Trac: Keywords: ff59-esr deleted, ff60-esr added Severity: Critical to Normal Description: We should review the networking code for Firefox 59 to make sure the are no Tor bypasses.
to
We should review the networking code for Firefox 60 to make sure the are no Tor bypasses. Summary: Review networking code for Firefox 59 to Review networking code for Firefox 60 Priority: Very High to Medium
Okay, I followed Mike in doing just a 'git diff -U10 esr52 esr60' and focused primarily on the new lines, looking for various types of socket usage. (Things like the PR_ calls, UDPSockets, SOCK_, etc). My review notes will be posted in the repo.
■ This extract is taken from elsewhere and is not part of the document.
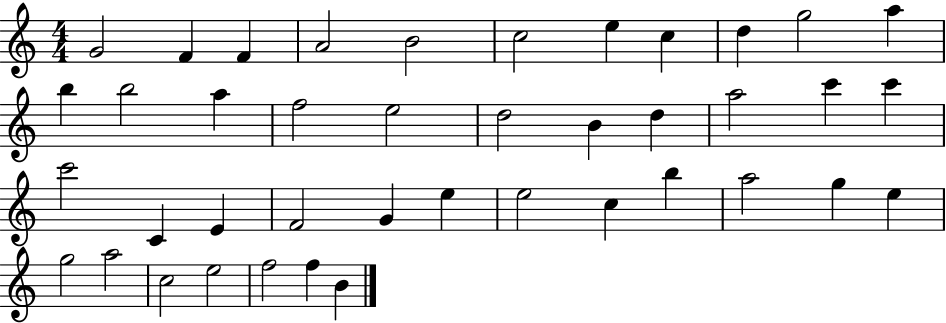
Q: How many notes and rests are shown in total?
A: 41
I think we are good with respect to proxy bypass issues, however I have opened #27616 (moved) to have someone looking with fresh eyes on the Rust situation as it is new and complex. I did look at the laundry list from ESR52 (see: comment:3:ticket:21625 and comment:6:ticket:21625) while I was reviewing:
*Make sure disabling WebRTC still disables all of the ./media/mtransport/ stuff
and SCTP
if CONFIG['MOZ_WEBRTC'] and CONFIG['COMPILE_ENVIRONMENT']:
DIRS += [
'/media/webrtc',
'/media/mtransport',
]
in toolkit/toolkit.mozbuild
SCTP is only enabled with WebRTC (see MOZ_SCTP in old-configure.in and
MOZ_WEBRTC in ./dom/base/moz.build)
**Verify our defense-in-depth patches to NSS/OCSP still apply (ditto for other proxy patches)
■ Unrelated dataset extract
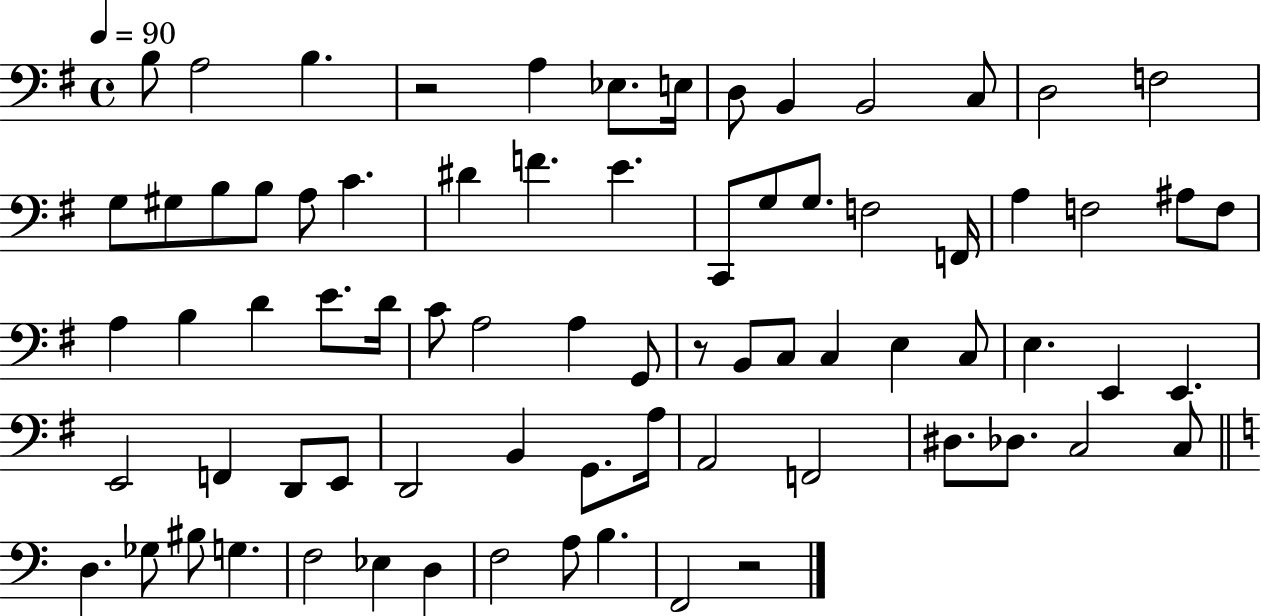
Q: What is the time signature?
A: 4/4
Done during rebase review.
**Verify that the TCPSocket and UDPSocket DOM APIs are still disabled by pref (esp if the moz prefix goes away).
TCP socket is chrome-only via ShouldTCPSocketExist() check. There is even a test for that: test_tcpsocket_not_exposed_to_content.html and we still have pref("dom.udpsocket.enabled", false); for UDP socket.
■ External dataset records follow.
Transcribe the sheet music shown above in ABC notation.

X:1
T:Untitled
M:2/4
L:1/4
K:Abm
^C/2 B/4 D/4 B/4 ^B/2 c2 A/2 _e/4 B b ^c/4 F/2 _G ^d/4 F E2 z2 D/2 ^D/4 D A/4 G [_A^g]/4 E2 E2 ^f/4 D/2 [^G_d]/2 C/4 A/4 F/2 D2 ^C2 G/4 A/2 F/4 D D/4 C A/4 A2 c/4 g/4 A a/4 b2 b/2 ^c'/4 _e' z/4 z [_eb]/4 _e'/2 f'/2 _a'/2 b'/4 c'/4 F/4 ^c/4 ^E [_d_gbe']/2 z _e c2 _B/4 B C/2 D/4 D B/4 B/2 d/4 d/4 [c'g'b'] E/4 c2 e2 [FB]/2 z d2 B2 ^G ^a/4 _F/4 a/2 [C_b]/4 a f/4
The Rust review was complicated. There are a bunch of crates included, like mio, that can do all sorts of networking stuff, but we can't rip that out and modifying the crates is tricky as they are needed as a build time requirement and their integrity checked by hash. So, I did that part of the audit three-fold:
I looked as good as I could for things that could use/provide UDP sockets etc.
I checked where dangerous libraries got included into the tree and why, checking whether the new APIs got used there. Two examples would be:
I started to look backwards from the actual things that got embedded into gkrust which can be found in toolkit/library/rust/gkrust-features.mozbuild checking the features for potential proxy bypasses and I took Manish's great comment:11:ticket:21862 into account.
Not sure if those are good approaches. Happy to improve that process and if we think we should indeed hack the Rust crates to back out dangerous calls I am open for that heavy-handed approach...
Okay, I am finally done here after doing the review a second time (this time in my spare time, though) as I accidentally nuked the notes from the first round while waiting for #27616 (moved). The result is commit 2ac466c637335af083b7b747b490979fb33f6a1c in tor-browser-spec.